* **Your instructions**
Could the lines from the line bearing "مدار الساعة,أخبار اقتصادية,كورونا,وزارة" to the end of the records below be copied exactly, with the pictures left out and no other lines added?

* **Data supplied**

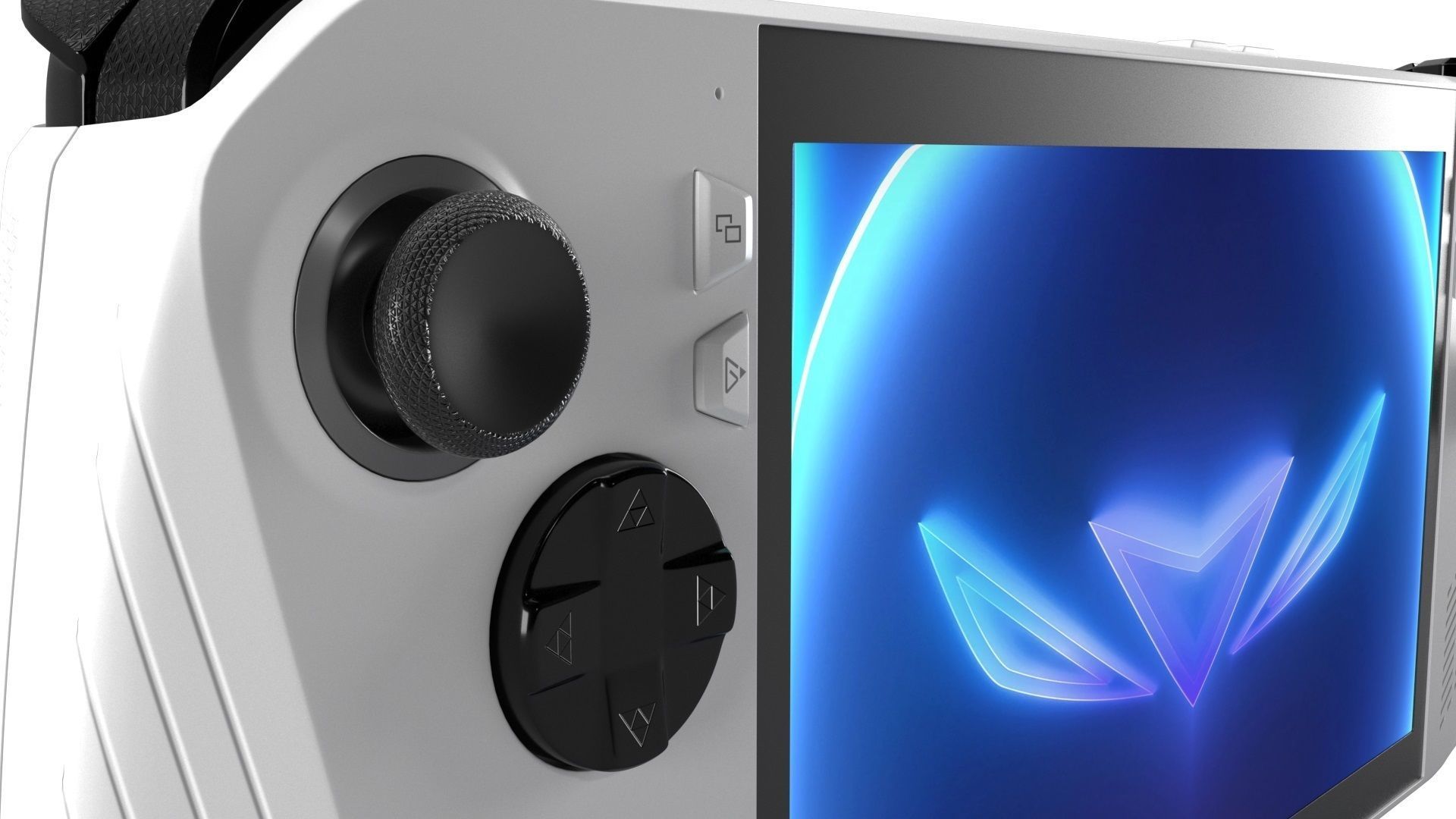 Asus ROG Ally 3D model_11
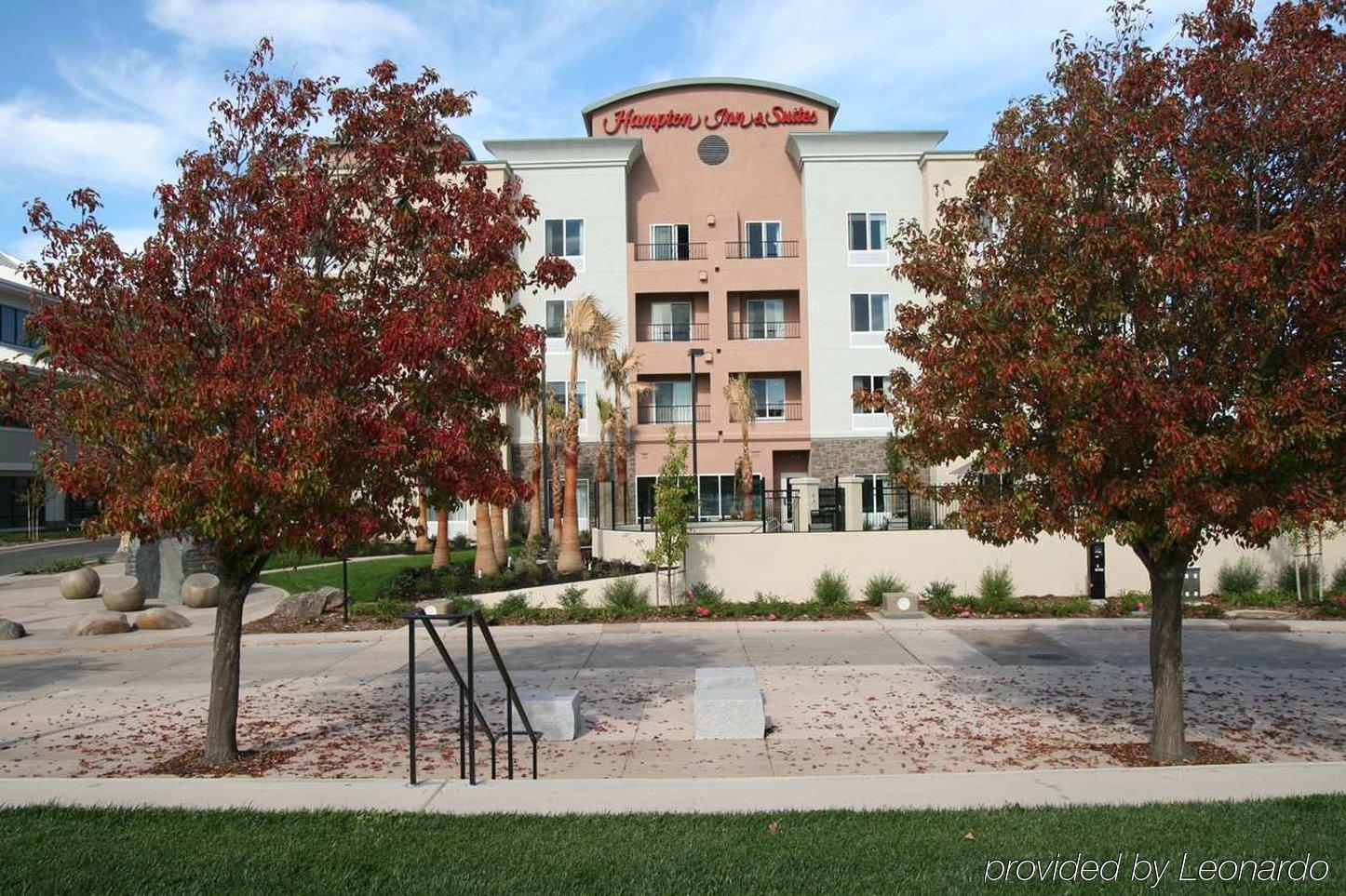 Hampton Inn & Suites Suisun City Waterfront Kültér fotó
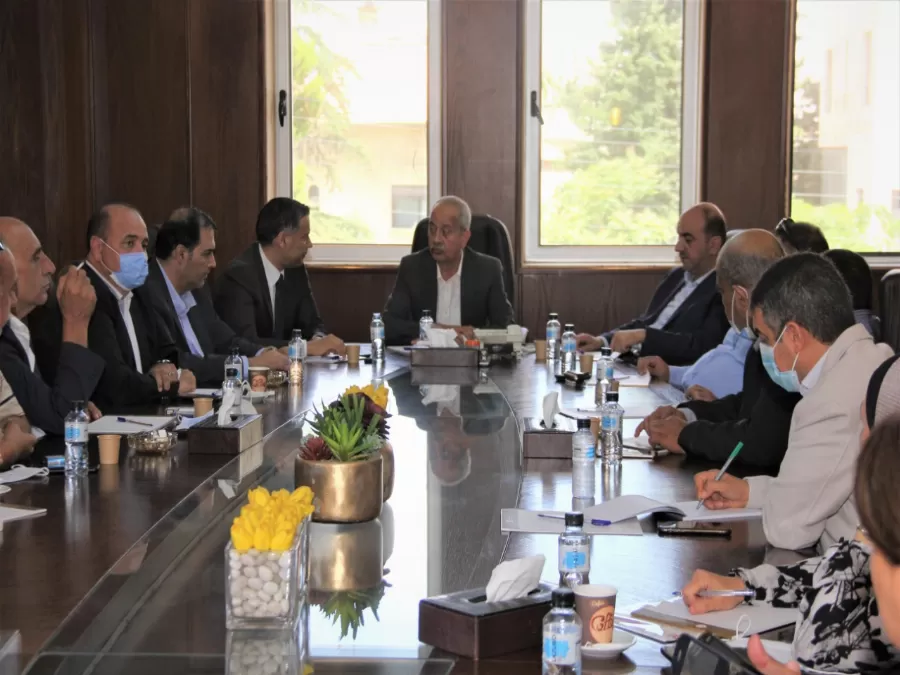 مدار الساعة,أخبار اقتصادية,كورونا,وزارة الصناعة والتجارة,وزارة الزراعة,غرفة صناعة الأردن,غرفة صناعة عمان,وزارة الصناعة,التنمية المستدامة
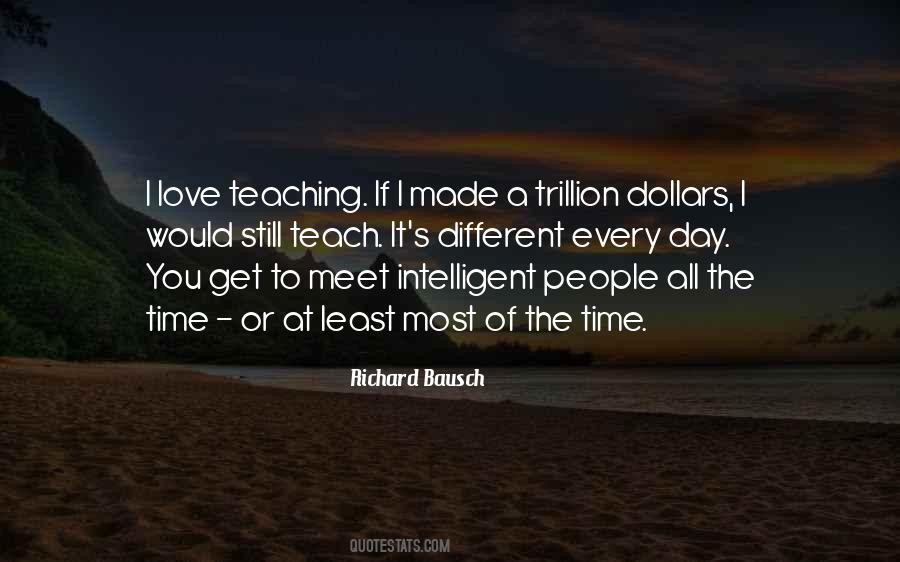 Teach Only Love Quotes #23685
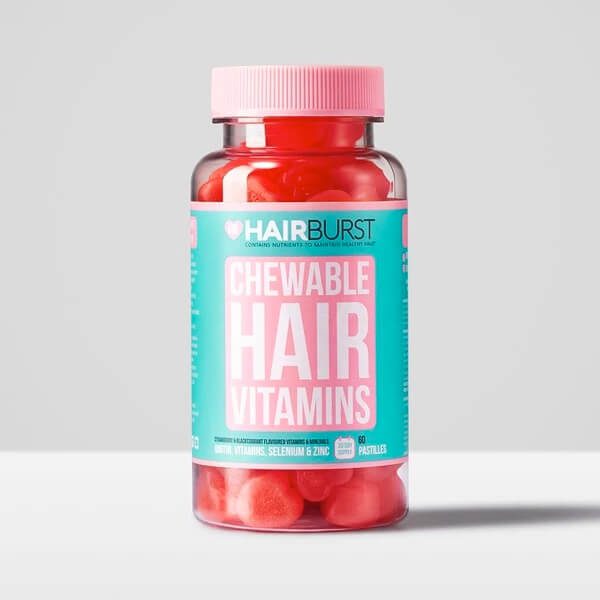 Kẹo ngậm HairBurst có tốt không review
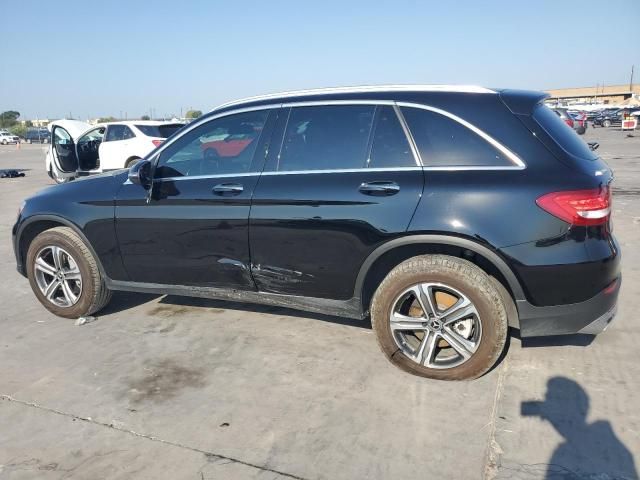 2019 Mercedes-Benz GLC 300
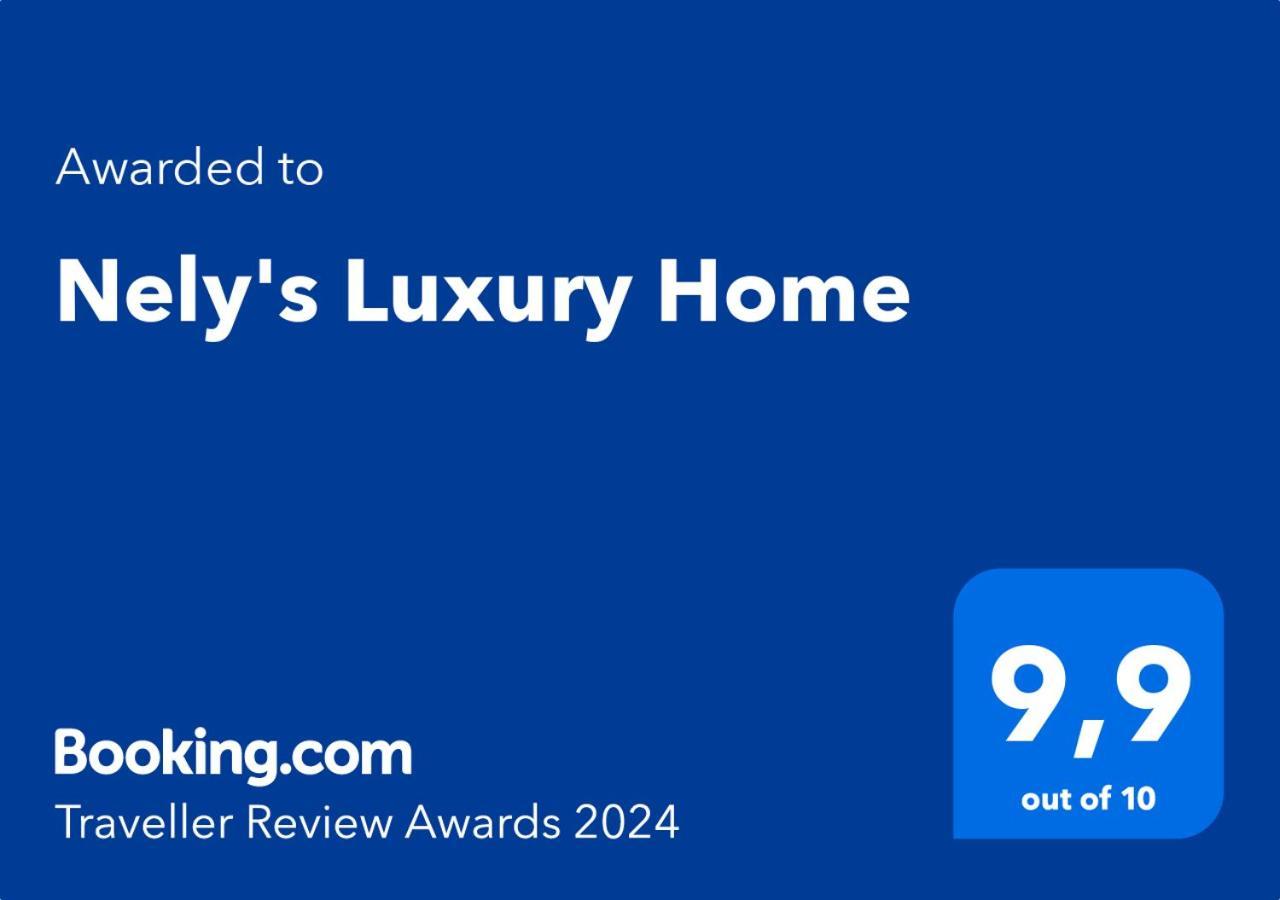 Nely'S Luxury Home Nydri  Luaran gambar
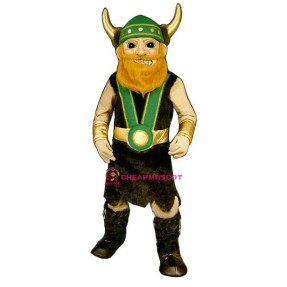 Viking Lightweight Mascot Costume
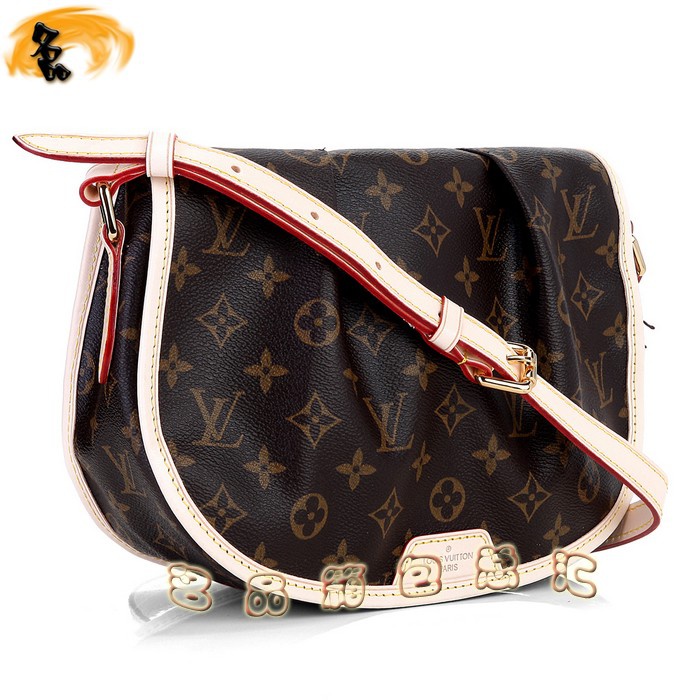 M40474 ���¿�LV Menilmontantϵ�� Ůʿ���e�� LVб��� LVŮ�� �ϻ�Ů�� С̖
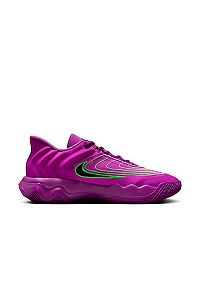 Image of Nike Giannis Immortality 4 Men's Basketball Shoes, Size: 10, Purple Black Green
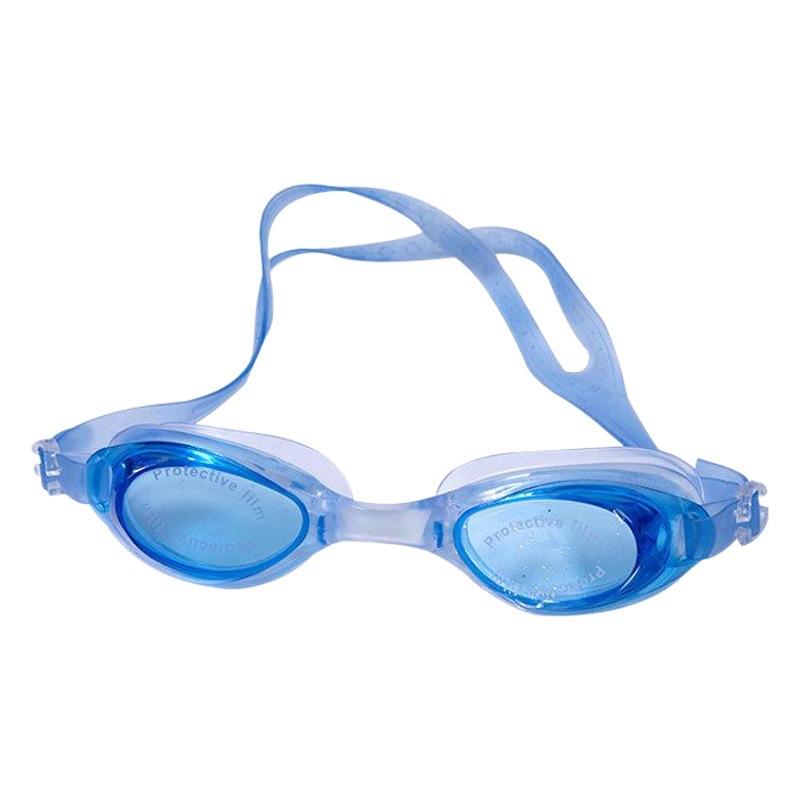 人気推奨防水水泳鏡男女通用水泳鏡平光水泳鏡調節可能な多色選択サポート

* **Reply to the exercise**
 مدار الساعة,أخبار اقتصادية,كورونا,وزارة الصناعة والتجارة,وزارة الزراعة,غرفة صناعة الأردن,غرفة صناعة عمان,وزارة الصناعة,التنمية المستدامة
 Teach Only Love Quotes #23685
 Kẹo ngậm HairBurst có tốt không review
 2019 Mercedes-Benz GLC 300
 Nely'S Luxury Home Nydri  Luaran gambar
 Viking Lightweight Mascot Costume
 M40474 ���¿�LV Menilmontantϵ�� Ůʿ���e�� LVб��� LVŮ�� �ϻ�Ů�� С̖
 Image of Nike Giannis Immortality 4 Men's Basketball Shoes, Size: 10, Purple Black Green
 人気推奨防水水泳鏡男女通用水泳鏡平光水泳鏡調節可能な多色選択サポート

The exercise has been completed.